Um presunto cru pode ser doce? Na Itália, certamente.
Em uma loja de frios, por exemplo, é muito comum ouvir a pergunta: “presunto cru doce ou salgado?”. Obviamente, todos os presuntos têm uma grande quantidade de sal e ninguém pensa neles para a sobremesa, mas aqueles com sabor mais delicado, como o Parma e o San Daniele, são considerados “doces” – em contraposição aos mais salgados, como o de Norcia e o toscano.
Na quitanda, a história se repete: a berinjela redonda (tipo Niobe) é “mais doce” – “più dolce”) – que a comprida; as abobrinhas verde-escuras “menos doces” – “meno dolci” – que as verde-claras.
Curioso também é o caso do gorgonzola: queijo forte, cheio de personalidade, que se apresenta em duas versões: picante e doce – mais cremosa e suave que a primeira.
É claro que em português também usamos o termo “doce” para indicar algo (ou mais comumente alguém) meigo, fofinho. Mas o conceito de doçura aqui, mesmo quando estritamente aplicado à comida, vai além de açúcar e afeto: muitas vezes é comparativo – um paralelo entre duas variedades – ou simplesmente uma característica daquilo que é agradável ao paladar.

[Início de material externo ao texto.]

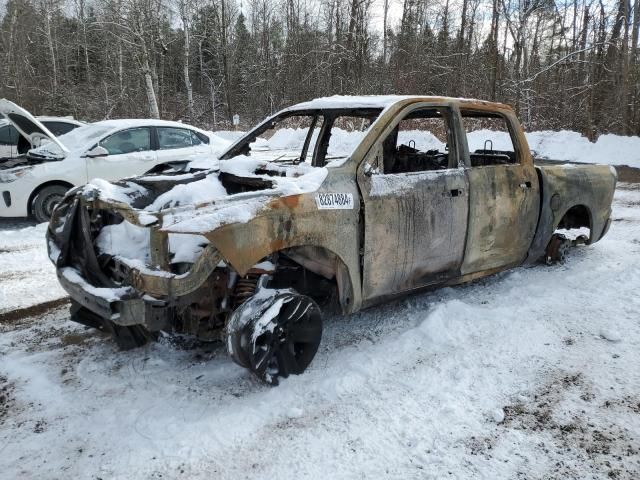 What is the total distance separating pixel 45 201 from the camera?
7.73 metres

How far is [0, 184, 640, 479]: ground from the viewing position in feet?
8.48

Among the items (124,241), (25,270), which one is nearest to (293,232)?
(124,241)

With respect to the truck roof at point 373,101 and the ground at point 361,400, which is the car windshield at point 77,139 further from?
the truck roof at point 373,101

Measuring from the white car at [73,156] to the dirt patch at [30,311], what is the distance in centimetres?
296

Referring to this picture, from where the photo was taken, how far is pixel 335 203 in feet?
11.2

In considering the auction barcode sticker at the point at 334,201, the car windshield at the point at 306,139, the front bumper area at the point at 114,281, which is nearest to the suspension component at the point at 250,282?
the front bumper area at the point at 114,281

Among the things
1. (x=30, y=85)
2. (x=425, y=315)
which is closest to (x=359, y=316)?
(x=425, y=315)

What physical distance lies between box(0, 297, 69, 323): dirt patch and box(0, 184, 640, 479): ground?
0.02 m

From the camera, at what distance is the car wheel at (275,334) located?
9.95ft

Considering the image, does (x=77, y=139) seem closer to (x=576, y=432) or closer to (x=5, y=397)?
(x=5, y=397)

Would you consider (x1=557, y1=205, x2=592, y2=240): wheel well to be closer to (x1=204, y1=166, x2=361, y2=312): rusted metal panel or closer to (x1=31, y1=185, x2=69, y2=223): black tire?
(x1=204, y1=166, x2=361, y2=312): rusted metal panel

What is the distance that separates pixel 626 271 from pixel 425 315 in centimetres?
250

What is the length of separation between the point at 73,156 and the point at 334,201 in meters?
5.99

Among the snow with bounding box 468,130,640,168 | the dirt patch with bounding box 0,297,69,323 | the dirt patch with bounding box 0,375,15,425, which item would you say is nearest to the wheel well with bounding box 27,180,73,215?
the dirt patch with bounding box 0,297,69,323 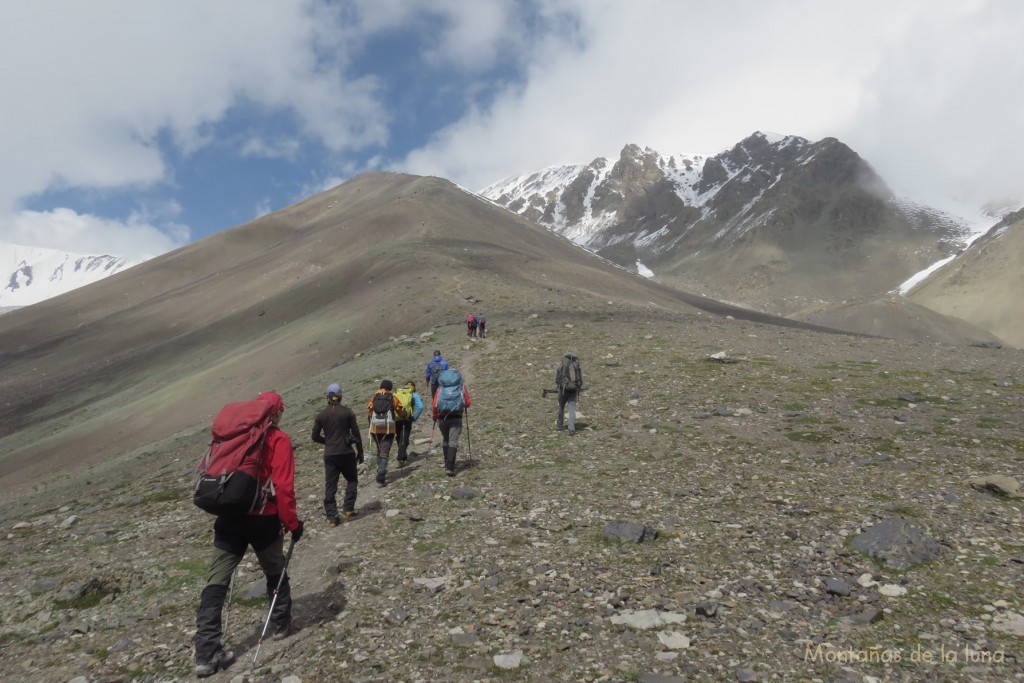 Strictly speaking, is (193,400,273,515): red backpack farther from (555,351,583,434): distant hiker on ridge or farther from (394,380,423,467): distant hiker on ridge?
(555,351,583,434): distant hiker on ridge

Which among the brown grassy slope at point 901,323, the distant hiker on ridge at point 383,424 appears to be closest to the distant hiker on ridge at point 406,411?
the distant hiker on ridge at point 383,424

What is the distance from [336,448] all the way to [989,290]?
230 meters

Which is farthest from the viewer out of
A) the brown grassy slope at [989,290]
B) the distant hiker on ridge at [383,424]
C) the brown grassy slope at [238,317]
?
the brown grassy slope at [989,290]

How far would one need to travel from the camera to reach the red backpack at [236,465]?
268 inches

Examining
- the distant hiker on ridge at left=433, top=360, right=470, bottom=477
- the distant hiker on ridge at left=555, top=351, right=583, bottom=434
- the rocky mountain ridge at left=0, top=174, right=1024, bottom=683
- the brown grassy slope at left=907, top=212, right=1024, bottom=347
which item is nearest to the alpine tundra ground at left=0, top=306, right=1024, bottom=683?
the rocky mountain ridge at left=0, top=174, right=1024, bottom=683

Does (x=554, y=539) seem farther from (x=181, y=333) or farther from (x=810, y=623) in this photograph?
(x=181, y=333)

No Brasil, um exemplo de uso semelhante é o do azeite: no nordeste, o de oliva é chamado de “azeite doce” em contraposição ao de dendê. No mais, outros adjetivos são empregados com mais frequência: suave, delicado.

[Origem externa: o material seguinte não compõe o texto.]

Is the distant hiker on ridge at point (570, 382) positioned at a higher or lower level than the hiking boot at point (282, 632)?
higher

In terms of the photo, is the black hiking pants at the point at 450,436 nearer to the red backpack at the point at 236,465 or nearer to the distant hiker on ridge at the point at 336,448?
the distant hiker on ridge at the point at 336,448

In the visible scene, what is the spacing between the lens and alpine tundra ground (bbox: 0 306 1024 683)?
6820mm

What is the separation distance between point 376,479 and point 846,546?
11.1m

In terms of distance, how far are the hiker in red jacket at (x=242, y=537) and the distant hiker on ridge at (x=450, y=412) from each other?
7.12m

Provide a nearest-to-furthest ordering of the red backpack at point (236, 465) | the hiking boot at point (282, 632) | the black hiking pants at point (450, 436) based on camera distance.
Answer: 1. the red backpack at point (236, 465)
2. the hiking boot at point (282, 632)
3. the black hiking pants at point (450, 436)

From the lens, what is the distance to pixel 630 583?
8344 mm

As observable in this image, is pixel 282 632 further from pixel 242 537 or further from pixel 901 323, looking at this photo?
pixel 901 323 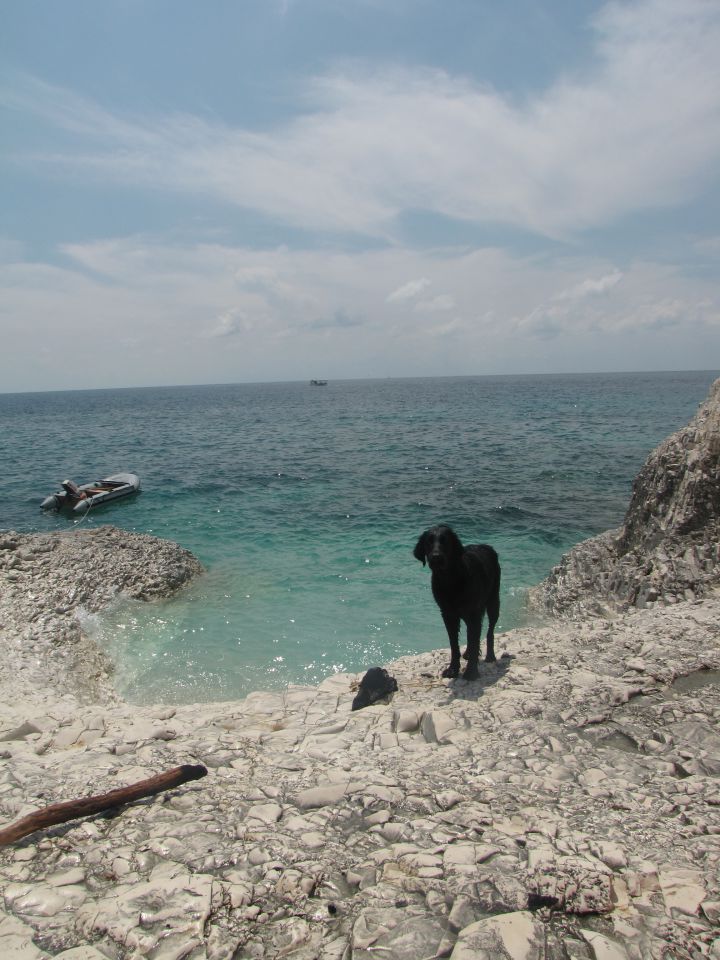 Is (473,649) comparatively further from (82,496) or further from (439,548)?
(82,496)

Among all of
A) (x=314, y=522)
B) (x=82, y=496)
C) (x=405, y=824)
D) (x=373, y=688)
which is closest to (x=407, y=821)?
(x=405, y=824)

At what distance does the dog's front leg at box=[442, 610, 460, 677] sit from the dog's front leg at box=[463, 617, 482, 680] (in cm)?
15

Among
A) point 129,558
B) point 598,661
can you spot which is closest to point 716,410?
point 598,661

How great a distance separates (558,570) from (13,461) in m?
48.4

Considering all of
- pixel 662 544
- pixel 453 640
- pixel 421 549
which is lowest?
pixel 453 640

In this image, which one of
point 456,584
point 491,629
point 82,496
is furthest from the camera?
point 82,496

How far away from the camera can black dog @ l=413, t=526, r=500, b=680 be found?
289 inches

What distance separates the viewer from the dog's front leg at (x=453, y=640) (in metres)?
7.85

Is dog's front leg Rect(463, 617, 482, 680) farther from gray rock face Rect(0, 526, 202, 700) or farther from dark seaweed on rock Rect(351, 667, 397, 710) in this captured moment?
A: gray rock face Rect(0, 526, 202, 700)

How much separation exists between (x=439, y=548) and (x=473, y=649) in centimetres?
177

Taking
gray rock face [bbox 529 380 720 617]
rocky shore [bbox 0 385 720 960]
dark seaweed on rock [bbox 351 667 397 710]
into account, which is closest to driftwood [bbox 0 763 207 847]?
rocky shore [bbox 0 385 720 960]

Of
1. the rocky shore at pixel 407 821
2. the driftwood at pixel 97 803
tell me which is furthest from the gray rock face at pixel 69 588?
the driftwood at pixel 97 803

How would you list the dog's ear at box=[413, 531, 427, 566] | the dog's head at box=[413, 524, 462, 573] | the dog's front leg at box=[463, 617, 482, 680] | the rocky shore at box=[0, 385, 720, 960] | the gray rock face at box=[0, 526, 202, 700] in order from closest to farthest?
the rocky shore at box=[0, 385, 720, 960] → the dog's head at box=[413, 524, 462, 573] → the dog's ear at box=[413, 531, 427, 566] → the dog's front leg at box=[463, 617, 482, 680] → the gray rock face at box=[0, 526, 202, 700]

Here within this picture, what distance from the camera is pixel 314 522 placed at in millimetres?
23641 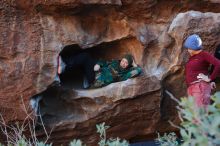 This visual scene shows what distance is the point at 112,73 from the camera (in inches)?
165

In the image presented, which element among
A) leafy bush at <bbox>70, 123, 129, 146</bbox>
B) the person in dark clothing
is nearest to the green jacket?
the person in dark clothing

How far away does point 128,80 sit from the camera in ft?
13.4

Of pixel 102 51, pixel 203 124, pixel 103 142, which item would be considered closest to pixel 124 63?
pixel 102 51

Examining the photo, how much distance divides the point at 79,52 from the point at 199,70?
54.2 inches

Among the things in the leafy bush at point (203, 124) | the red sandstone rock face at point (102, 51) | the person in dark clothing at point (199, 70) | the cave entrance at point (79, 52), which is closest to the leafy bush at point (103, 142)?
the leafy bush at point (203, 124)

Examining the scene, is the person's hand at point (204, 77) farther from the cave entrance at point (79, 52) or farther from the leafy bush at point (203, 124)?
the leafy bush at point (203, 124)

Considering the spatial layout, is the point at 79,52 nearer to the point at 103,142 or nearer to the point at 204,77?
the point at 204,77

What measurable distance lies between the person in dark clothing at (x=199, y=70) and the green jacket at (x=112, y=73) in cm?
79

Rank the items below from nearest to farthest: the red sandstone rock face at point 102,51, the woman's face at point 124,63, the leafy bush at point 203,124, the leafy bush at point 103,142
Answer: the leafy bush at point 203,124, the leafy bush at point 103,142, the red sandstone rock face at point 102,51, the woman's face at point 124,63

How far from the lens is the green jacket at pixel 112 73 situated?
4.13m

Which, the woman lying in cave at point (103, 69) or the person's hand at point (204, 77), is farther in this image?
the woman lying in cave at point (103, 69)

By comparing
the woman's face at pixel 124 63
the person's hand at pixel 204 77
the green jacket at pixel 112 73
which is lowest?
the green jacket at pixel 112 73

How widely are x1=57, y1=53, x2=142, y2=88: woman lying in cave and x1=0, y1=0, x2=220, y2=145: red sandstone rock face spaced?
0.08m

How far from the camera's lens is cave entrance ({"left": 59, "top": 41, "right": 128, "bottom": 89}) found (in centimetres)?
427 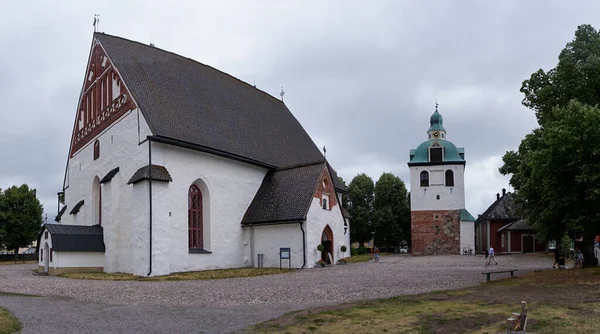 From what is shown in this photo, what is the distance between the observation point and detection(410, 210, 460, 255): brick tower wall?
53844 mm

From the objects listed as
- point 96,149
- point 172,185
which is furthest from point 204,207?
point 96,149

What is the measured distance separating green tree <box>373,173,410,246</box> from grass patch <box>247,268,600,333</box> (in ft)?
169

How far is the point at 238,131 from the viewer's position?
113ft

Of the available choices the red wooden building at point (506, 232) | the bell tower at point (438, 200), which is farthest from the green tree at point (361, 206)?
the red wooden building at point (506, 232)

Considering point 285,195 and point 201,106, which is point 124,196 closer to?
point 201,106

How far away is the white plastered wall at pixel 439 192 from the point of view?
55281 mm

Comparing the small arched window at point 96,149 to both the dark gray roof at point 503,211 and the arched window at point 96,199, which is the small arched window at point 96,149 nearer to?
the arched window at point 96,199

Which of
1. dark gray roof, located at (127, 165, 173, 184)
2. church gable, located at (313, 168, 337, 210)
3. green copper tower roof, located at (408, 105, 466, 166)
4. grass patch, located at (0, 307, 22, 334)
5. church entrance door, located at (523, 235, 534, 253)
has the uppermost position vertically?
green copper tower roof, located at (408, 105, 466, 166)

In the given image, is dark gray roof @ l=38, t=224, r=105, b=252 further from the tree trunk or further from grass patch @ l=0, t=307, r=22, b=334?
the tree trunk

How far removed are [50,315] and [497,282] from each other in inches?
556

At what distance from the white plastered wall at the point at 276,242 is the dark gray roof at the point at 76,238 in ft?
27.7

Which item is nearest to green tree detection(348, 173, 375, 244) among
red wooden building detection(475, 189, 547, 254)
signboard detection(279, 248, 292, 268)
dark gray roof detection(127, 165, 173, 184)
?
red wooden building detection(475, 189, 547, 254)

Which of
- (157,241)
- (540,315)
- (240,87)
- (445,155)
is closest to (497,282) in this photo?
(540,315)

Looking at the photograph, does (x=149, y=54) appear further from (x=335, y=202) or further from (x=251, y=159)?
(x=335, y=202) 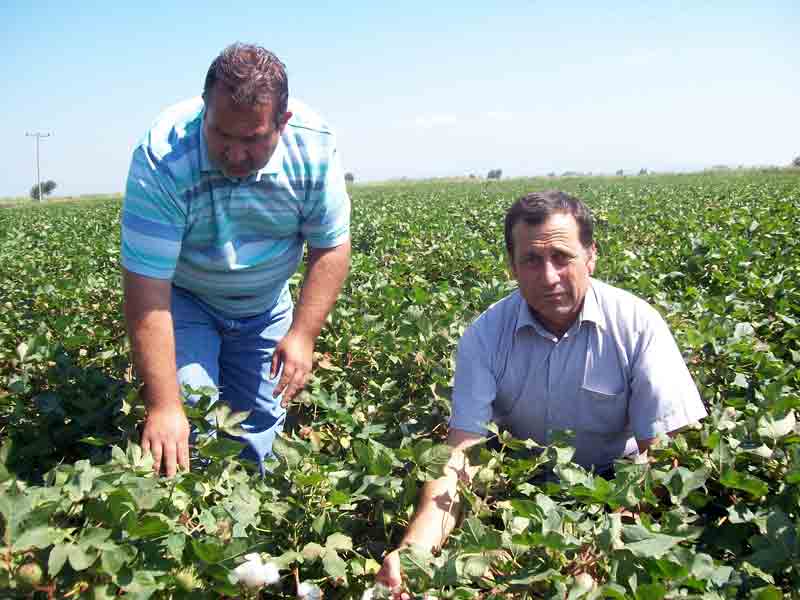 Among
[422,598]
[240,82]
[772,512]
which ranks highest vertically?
[240,82]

Há, também, mais uma palavra na língua italiana, quase um antônimo de doce, que pode causar estranheza aos ouvidos habituados com a língua portuguesa: “saporito”. O que poderia ser traduzido livremente como “saboroso”, normalmente não quer dizer simplesmente “delicioso”, mas é usado para designar um excesso, principalmente de sal: um prato “saporito”, pode querer dizer algo com sabor muito intenso (bastante temperado, por exemplo) ou o resultado de quando se erra a mão no sal – o prato ainda é gostoso, mas um tiquinho menos salgado ficaria melhor.
E a um só tempo dolce e saporita é o augúrio para a vida de todos nós.